FAUX Il ne faut pas confondre la technologie de la blockchain, réputée inviolable, et les plateformes d’échange ou les portefeuilles en ligne, sujets à de nombreux hacks. Les versions primitives de blockchains ont connu quelques failles avec un risque d’attaque par relecture (replay attack) lors de bifurcations. C’est ce qui est arrivé au protocole Ethereum en 2016, causant 50 millions de dollars de perte. Depuis ce cas d’école, les protocoles incluent des mécanismes de protection performants. Désormais les blockchains des cryptomonnaies sont quasiment toutes inviolables. Mais si la technologie de la blockchain est désormais très sécurisée, les infrastructures qui l’entourent restent fragiles : les plateformes d’échange et les portefeuilles en ligne offrent des degrés de sécurité très variables. Pour prendre une analogie triviale, les pépites d’or minées dans le Yukon pendant la ruée vers l’or canadien étaient infalsifiables… mais laisser son magot en dépôt derrière le comptoir d’un saloon ou à la banque de Dawson City pouvait être un pari risqué ! Il en va de même pour l’or numérique : les cryptomonnaies en elles-mêmes sont infalsifiables, mais il faut les stocker sur des plateformes d’échange ou des portefeuilles en ligne sécurisés

3. L’investissement dans les cryptomonnaies est très risqué.

Pierre Paperon (M.86), consultant en blockchain, NFT et metaverses.

VRAI Dès l’apparition des cryptomonnaies, les régulateurs de tous les pays se sont empressés de crier au loup pour préserver les épargnants d’une prise de risque excessive.

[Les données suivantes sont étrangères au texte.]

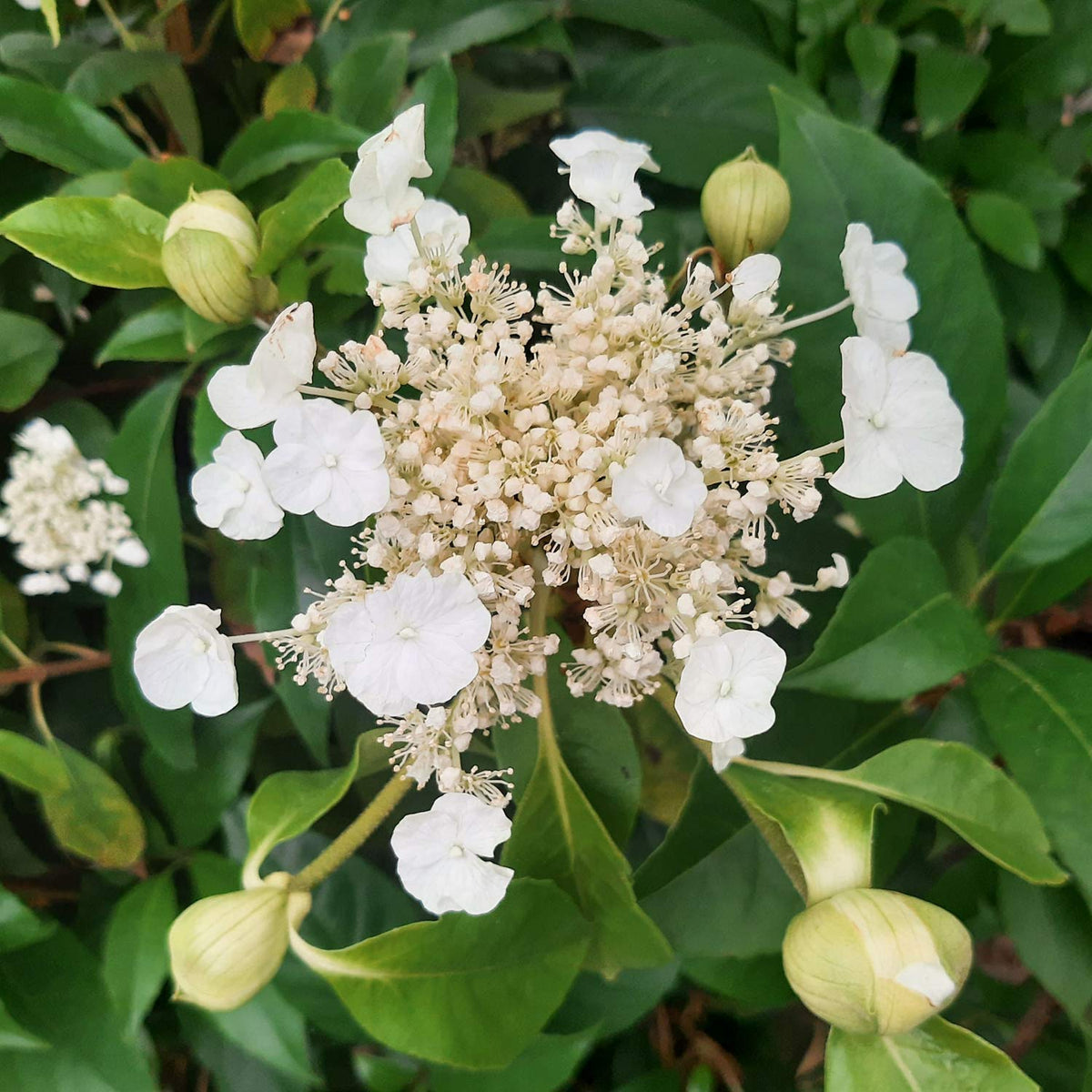 Hydrangea seemannii. A close-up of a hydrangea flower cluster with white blooms and green leaves.
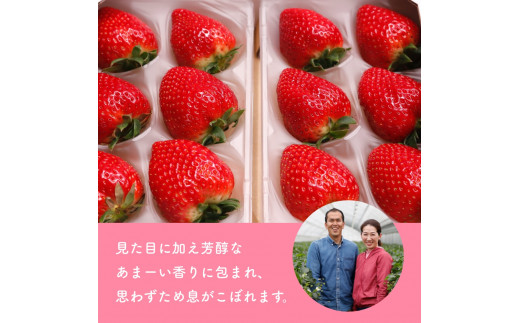 （冷蔵）【２月発送分】イチゴ 奈良県産高級ブランド品種「古都華」デラックス（270g×２パック） ／ 上田農園 苺 いちご 果物 フルーツ 甘い 奈良県 田原本町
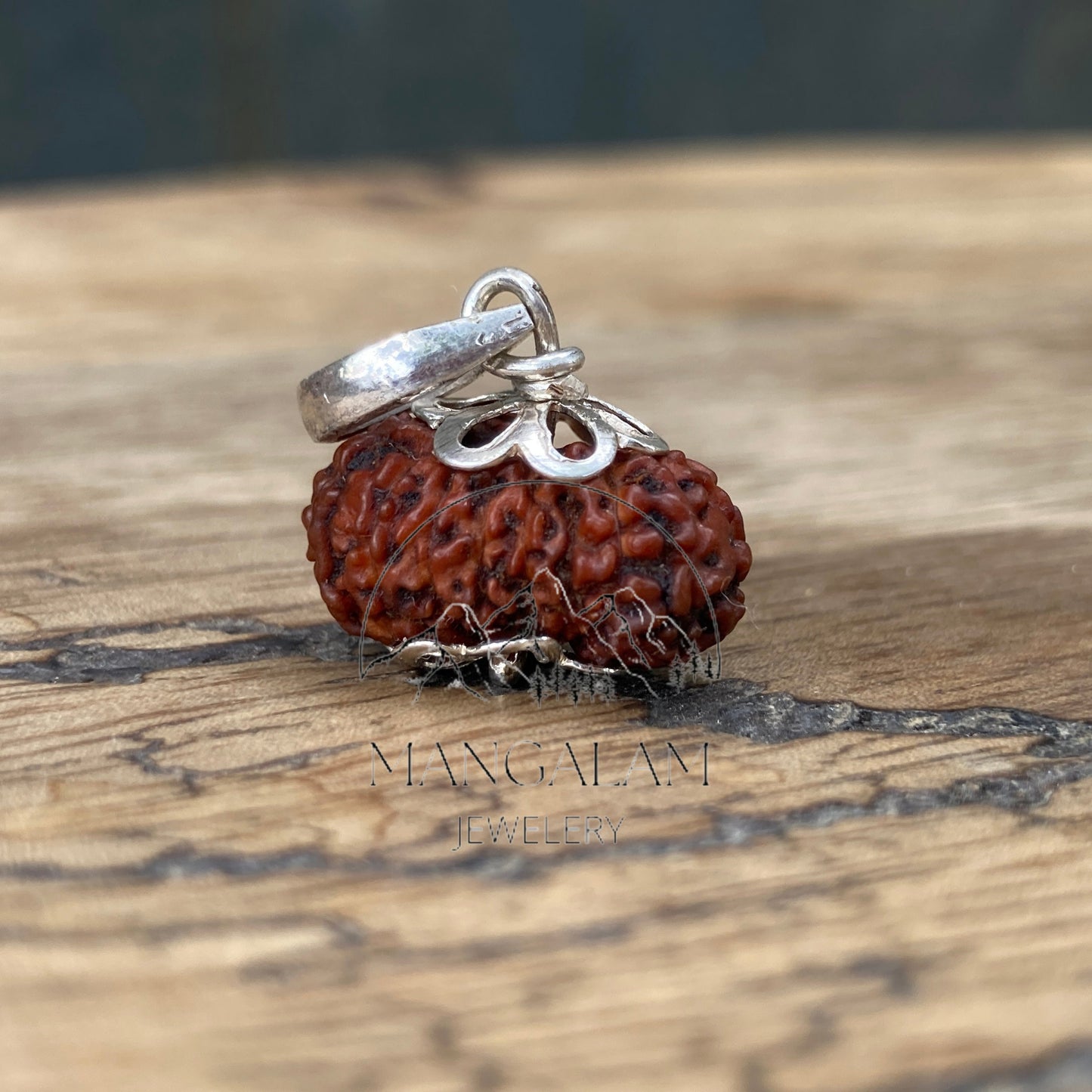 17 Mukhi Rudraksha Pendent, 17 Mukhi Rudraksha, Seventeen Faces Rurraksha, Rudraksha Pendent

Mais est-ce vraiment si risqué de « miser » sur les cryptomonnaies ? Il y a deux manières de répondre à cette question apparemment simple. Une première réponse, technique et mathématique, peut être apportée en introduisant le concept de la volatilité du placement. On peut alors comparer le risque avec d’autres placements. Pour cet exemple, prenons les deux principales cryptomonnaies, le Bitcoin et l’Ether, qui représentaient respectivement 60 % et 20 % de la capitalisation des 2 000 milliards de dollars de capitalisation monétaire des cryptomonnaies en novembre 2021. Leur variance sur 60 jours s’élevait alors à 3,5 % pour le Bitcoin et 6,3 % pour l’Ether, contre 2,4 % pour l’or et 0,5 % pour l’euro. Une seconde réponse, plus historique, est le constat de la croissance exponentielle de la valeur du Bitcoin depuis la première transaction, le 12 octobre 2009, pour un taux de change de 0,001 dollar pour 1 Bitcoin. Chiffre à comparer avec les 60 000 dollars atteints en octobre 2021. Et sur cette dernière année, sa valeur a été multipliée par quatre. Le risque est donc élevé. Mais le bénéfice l’est tout autant pour rémunérer ce risque qui ne doit être pris que de manière très mesuré. Le chemin des cryptomonnaies a en effet été très chaotique au cours de ces douze dernières années, avec une vingtaine de crashs. Un investisseur averti en vaut deux.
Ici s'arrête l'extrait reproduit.